■ **To do**
Beginning with the line that holds "Oh Polly Bo+Tee" and ending with the last line of the entries below, copy every line exactly and nothing else, with the pictures left out.

Stored data entries
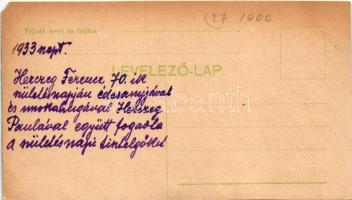 1933 Herczeg Ferenc 70. születésnapján édesanyjával és unokahúgával Herczeg Paulával együtt fogadta ...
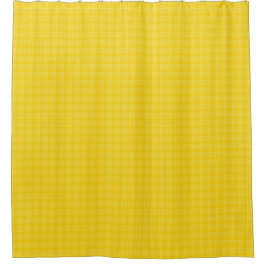 Yellow shower curtain with subtle checkered  シャワーカーテン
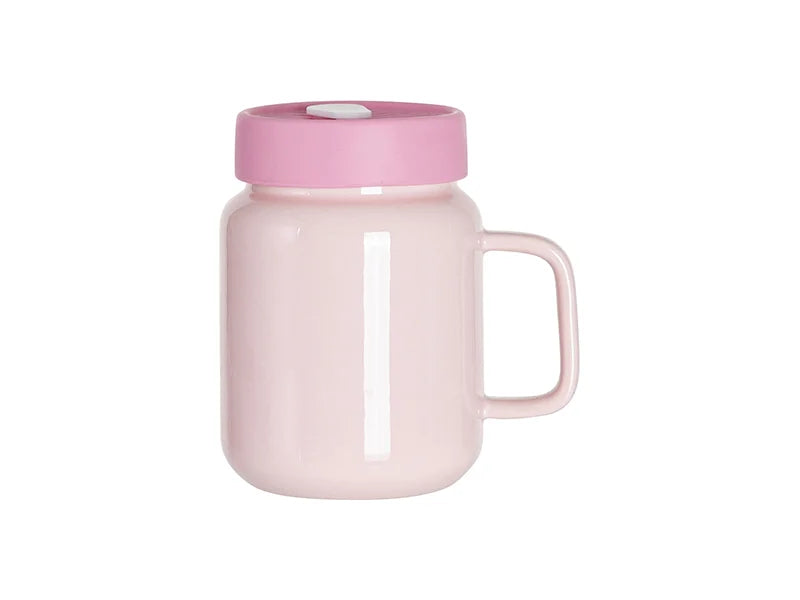 500ml Ceramic Mason Jar With Pink Silicon Lid (Pink)
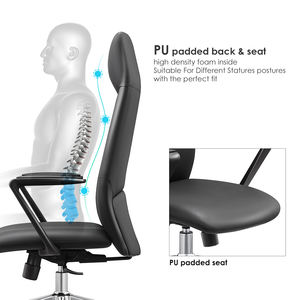 Silla de Oficina Ergonómica Ejecutiva, Respaldo Alto, Cuero PU, Giratoria, Soporte Lumbar Ajustable, Función de Inclinación, Ruedas, para Jefes - Product Image 3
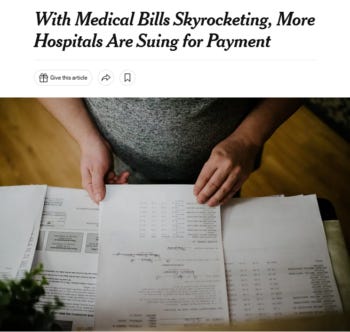 NYT: With Medical Bills Skyrocketing, More Hospitals Are Suing for Payment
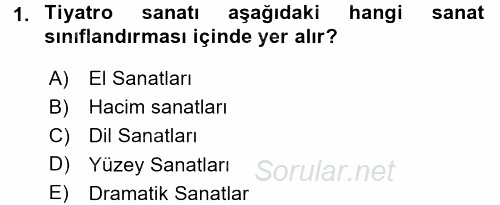 Güzel Sanatlar 2015 - 2016 Tek Ders Sınavı 1.Soru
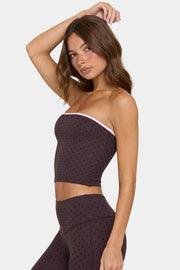 Oh Polly Bo+Tee bandeau sport Choc Chip marron double épaisseur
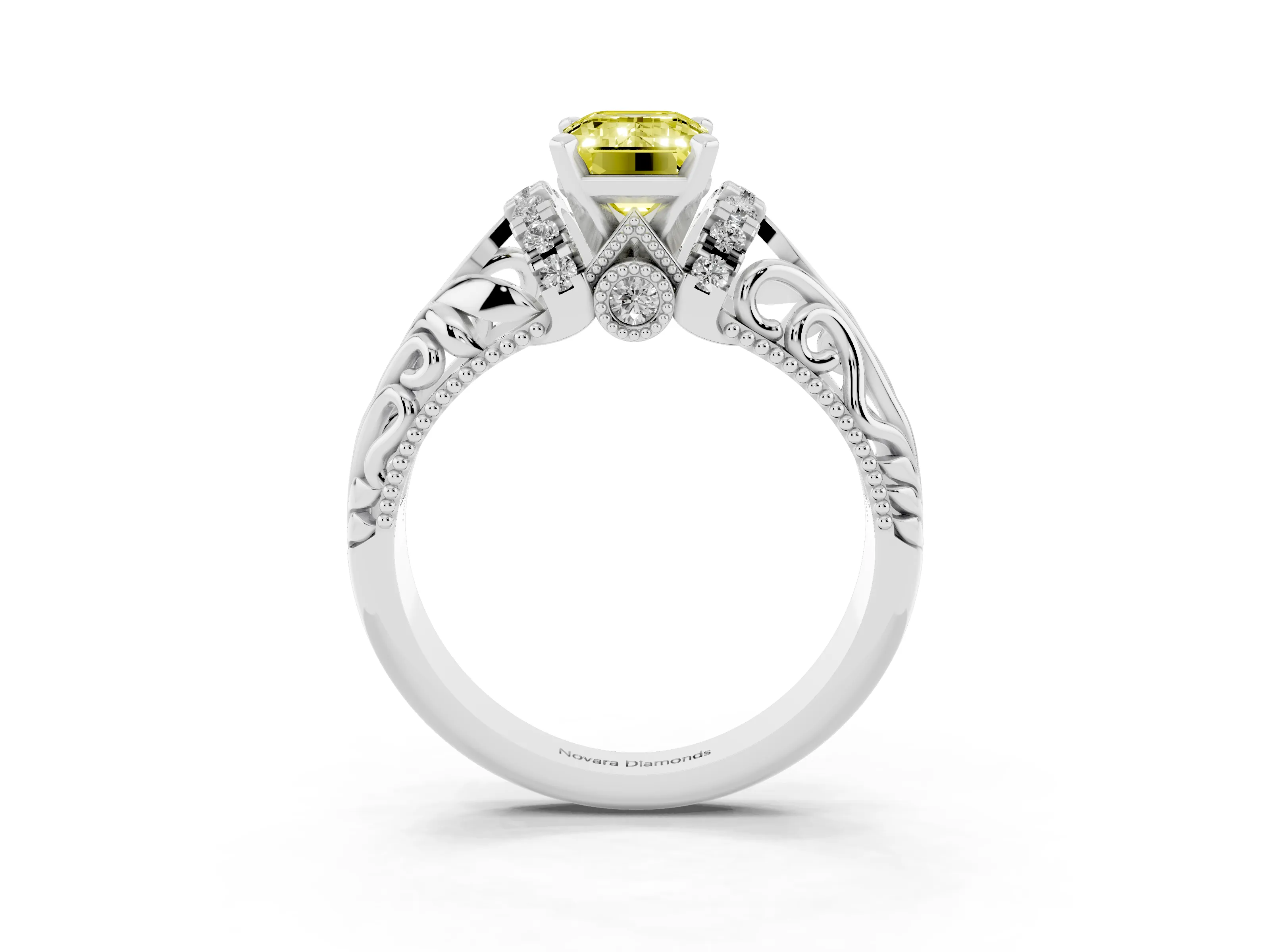 Fancy Yellow Emerald Cut Diamond Filigree Halo Engagement Ring Set in White gold with Prong Setting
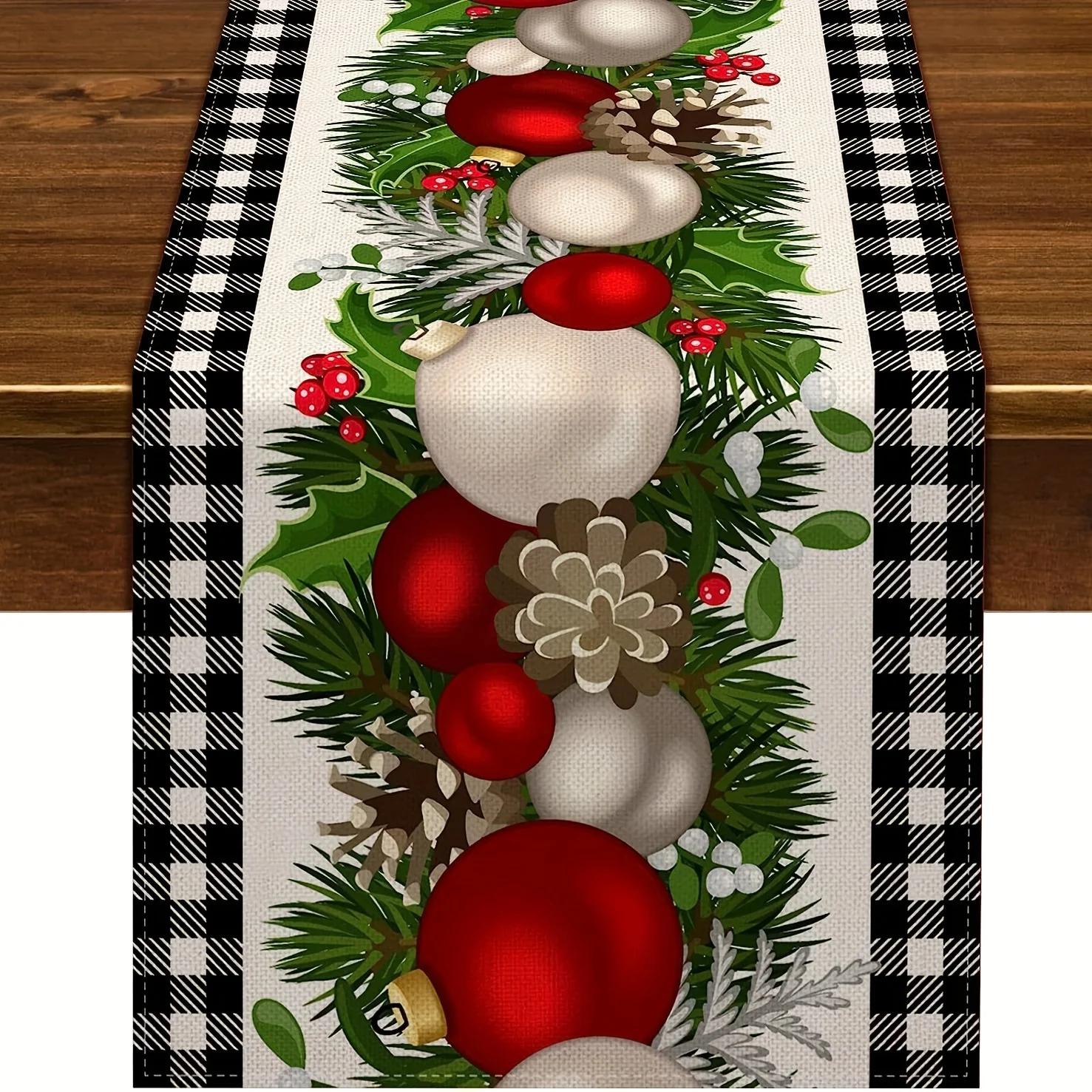 Christmas Ball Pine Needle Linen Table Runner Home Decor Winter Xmas Buffalo Plaid Kitchen Table Runners Christmas Decorations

■ **Task response**
 Oh Polly Bo+Tee bandeau sport Choc Chip marron double épaisseur
 Fancy Yellow Emerald Cut Diamond Filigree Halo Engagement Ring Set in White gold with Prong Setting
 Christmas Ball Pine Needle Linen Table Runner Home Decor Winter Xmas Buffalo Plaid Kitchen Table Runners Christmas Decorations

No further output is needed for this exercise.